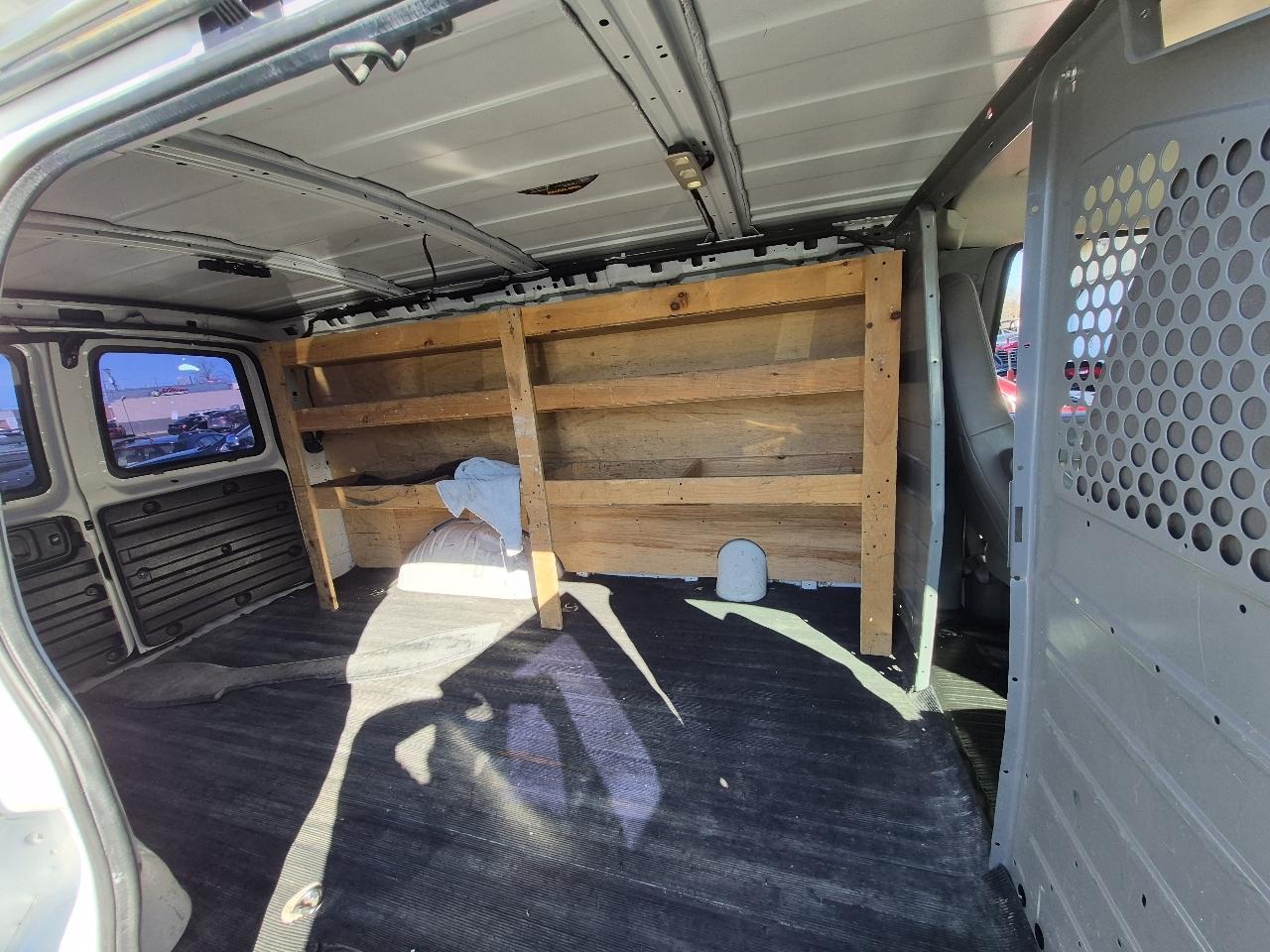 GMC Savana G2500 Cargo 2017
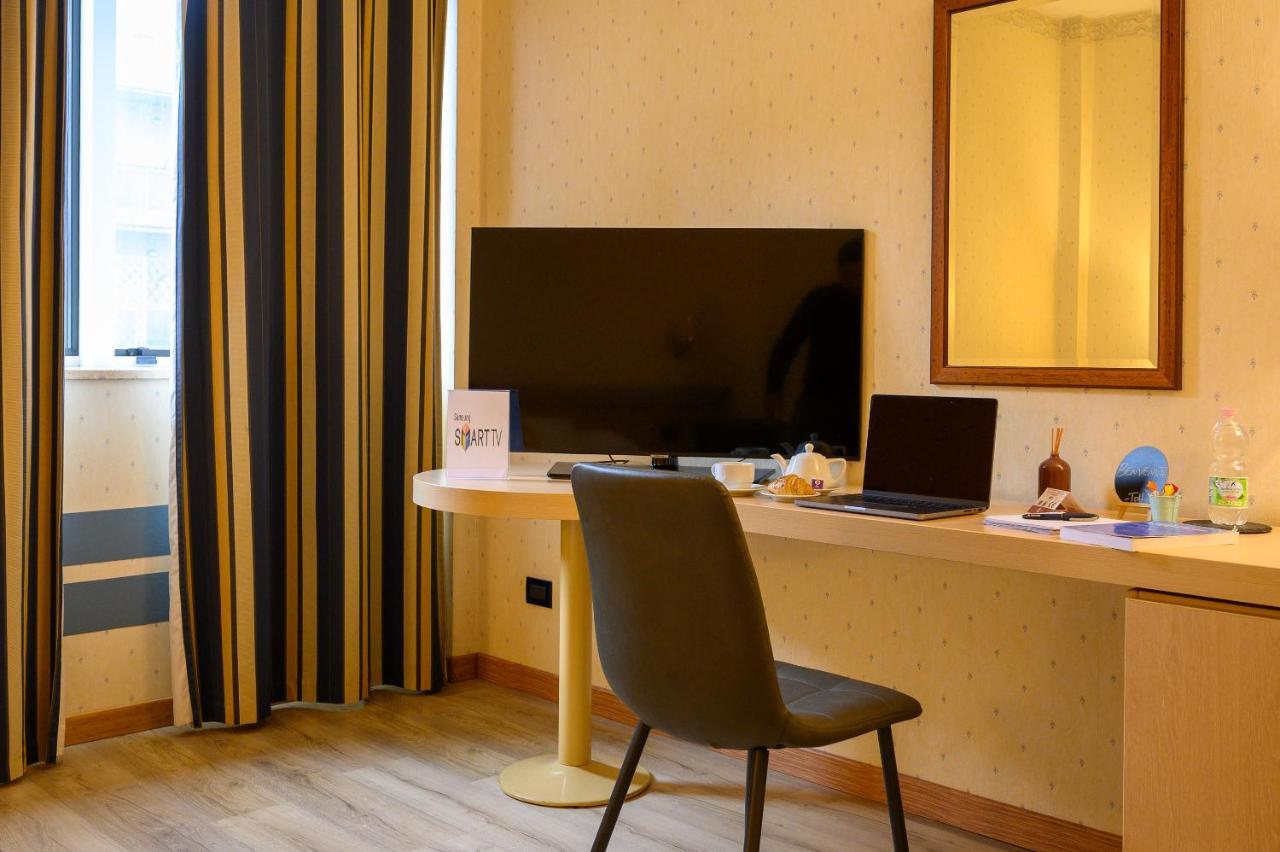 Hotel Torre Di Pratolungo Rome Exterior photo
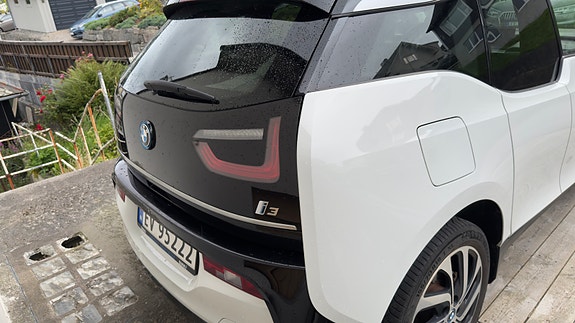 BMW i3 6 of 16
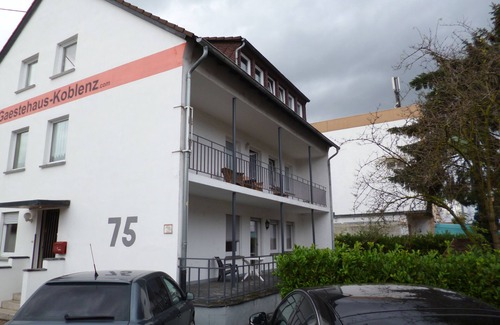Kesselheim Apartment | Welcome to the GUEST HOUSE - KOBLENZ apartment on the upper floor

_Directions_
Repeat each line above exactly. The pictures stay out.

_Task result_
 GMC Savana G2500 Cargo 2017
 Hotel Torre Di Pratolungo Rome Exterior photo
 BMW i3 6 of 16
Kesselheim Apartment | Welcome to the GUEST HOUSE - KOBLENZ apartment on the upper floor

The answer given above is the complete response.